02.03.2023 | Lea Huber | News WSL
Waldböden speichern grosse Mengen an organischem Kohlenstoff. Wenn Stürme den Wald verwüsten, geht dieser Kohlenstoff verloren und gelangt zu einem großen Teil als CO2 in die Atmosphäre. Bergwälder sind besonders anfällig für solche Kohlenstoffverluste, zeigt eine Studie der Eidg. Forschungsanstalt für Wald, Schnee und Landschaft WSL.
In Schweizer Wäldern speichern die Böden mehr CO2 in Form von organischem Kohlenstoff als die gesamte oberirdische Biomasse, also Stämme, Äste und Blätter. Dadurch spielen Waldböden im Kampf gegen den Klimawandel eine wichtige Rolle. Was passiert jedoch mit dem Kohlenstoff im Boden, wenn ein Sturm die Bäume darüber umwirft? Das haben Mathias Mayer und seine Mitforschenden von der WSL untersucht.
Sie haben dazu die Böden von Wäldern untersucht, die von den Orkanen Vivian (1990) und Lothar (1999) verwüstet wurden. Die Forschenden nahmen wiederholt Bodenproben von verschiedenen Höhenlagen zwischen 420 und 1550 Metern über Meer. Während Lothar die grössten Schäden im Mittelland anrichtete, zerstörte Vivian vor allem Bergwälder der Voralpen.
Kohlenstoffverluste nach Sturmschäden ¶
Der Vergleich von zerstörten mit unbeschädigten Wäldern zeigte: In den Jahren nach den Stürmen gingen enorme Mengen an Kohlenstoff aus dem Boden verloren, besonders in den Bergwäldern. Denn ohne Bäume wird der Waldboden wärmer und feuchter, und das fördert Mikroben, die den Humus abbauen und somit den Kohlenstoff freisetzen. Die Kohlenstoffvorräte hochgelegener Sturmflächen waren 18 Jahre nach Vivian immer noch bis zu neunzig Prozent kleiner als jene intakter Wälder.
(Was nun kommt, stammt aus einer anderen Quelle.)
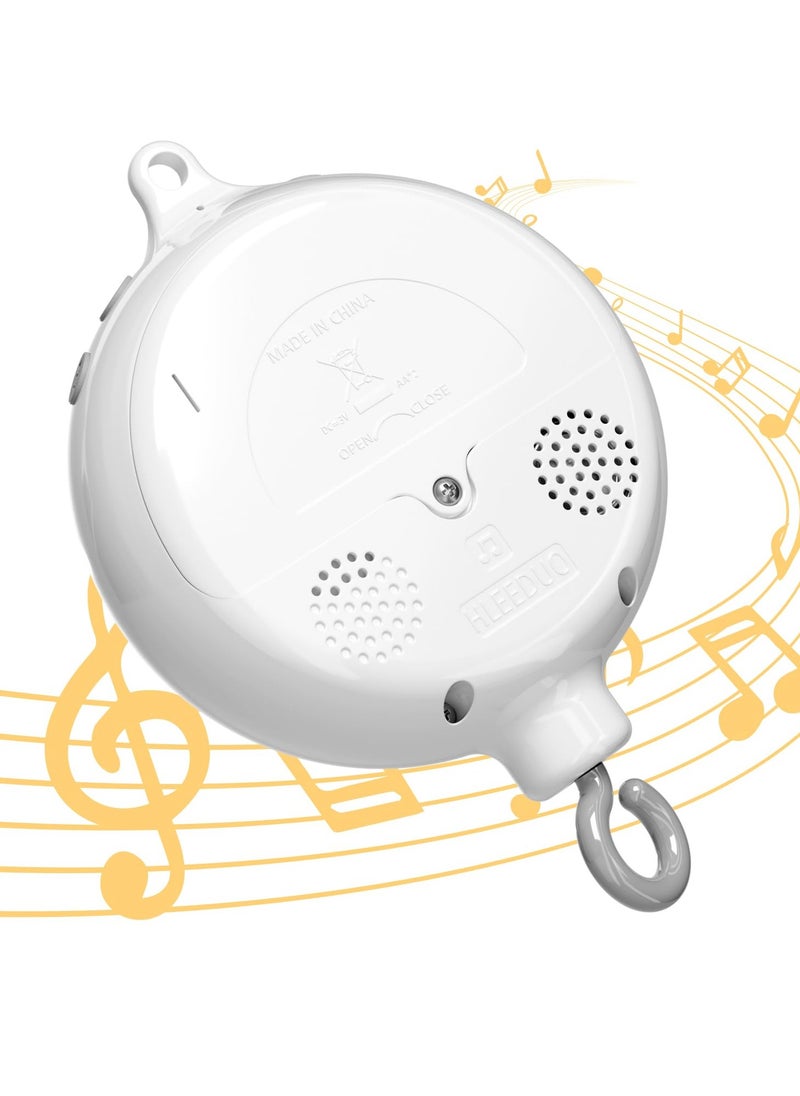 Daytoyz - Crib Mobile Motor, Baby Music Box Spinner with 3 Modes（Spin Only, Music Only, Spin & Music 0-100 Volume Control,35 Lullabies,Portable Sound Machine,Auto-Off 30 Minutes, Battery Operated - Image 1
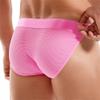 JOCKMAIL Low Waist Mens Briefs Underwear Breathable Mesh Comfort Underwear Briefs Men Underpants Pink view 4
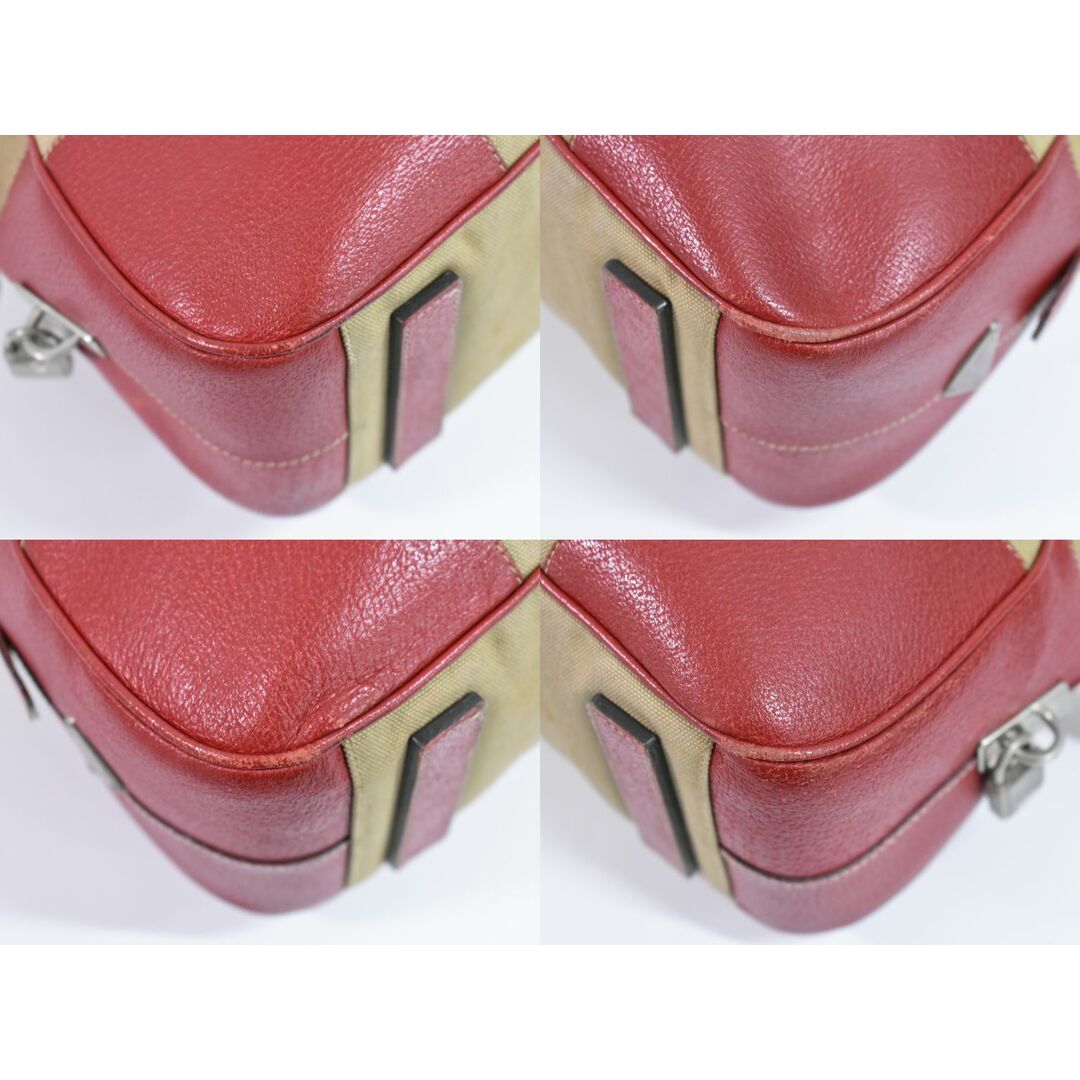 PRADA - 本物 プラダ PRADA キャンバス ミニ ボストンバッグ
Der Grund: Wegen den kühleren Bedingungen in Bergwäldern bauen sich Blätter und Nadeln langsam ab. Deshalb sammelt sich eine mächtige Humusauflage an, die grosse Mengen Kohlenstoff speichert. Also kann auch mehr verloren gehen.
Im Vergleich dazu ging in zerstörten Wäldern des Mittellandes weniger Bodenkohlenstoff verloren. Dadurch erholt sich der Speicher auch schneller. «Bereits nach 10 Jahren speichern die Böden wieder gleich viel Kohlenstoff wie zuvor. In Bergwäldern hingegen schätzen wir die Erholungszeiträume auf 60 Jahre», sagt Mayer.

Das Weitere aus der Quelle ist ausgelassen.